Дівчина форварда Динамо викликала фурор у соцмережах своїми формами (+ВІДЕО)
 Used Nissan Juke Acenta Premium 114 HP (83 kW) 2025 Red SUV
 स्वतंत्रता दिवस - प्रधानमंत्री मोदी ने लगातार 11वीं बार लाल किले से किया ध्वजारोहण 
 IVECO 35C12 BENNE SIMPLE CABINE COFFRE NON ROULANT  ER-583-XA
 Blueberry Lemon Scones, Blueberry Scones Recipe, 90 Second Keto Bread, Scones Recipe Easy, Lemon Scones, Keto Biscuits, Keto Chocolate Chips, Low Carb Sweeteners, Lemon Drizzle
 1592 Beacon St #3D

# [PROBLEM REQUIREMENTS]
Output the records once more, exactly as they stand.

# [RESPONSE]
Дівчина форварда Динамо викликала фурор у соцмережах своїми формами (+ВІДЕО)
 Used Nissan Juke Acenta Premium 114 HP (83 kW) 2025 Red SUV
 स्वतंत्रता दिवस - प्रधानमंत्री मोदी ने लगातार 11वीं बार लाल किले से किया ध्वजारोहण 
 IVECO 35C12 BENNE SIMPLE CABINE COFFRE NON ROULANT  ER-583-XA
 Blueberry Lemon Scones, Blueberry Scones Recipe, 90 Second Keto Bread, Scones Recipe Easy, Lemon Scones, Keto Biscuits, Keto Chocolate Chips, Low Carb Sweeteners, Lemon Drizzle
 1592 Beacon St #3D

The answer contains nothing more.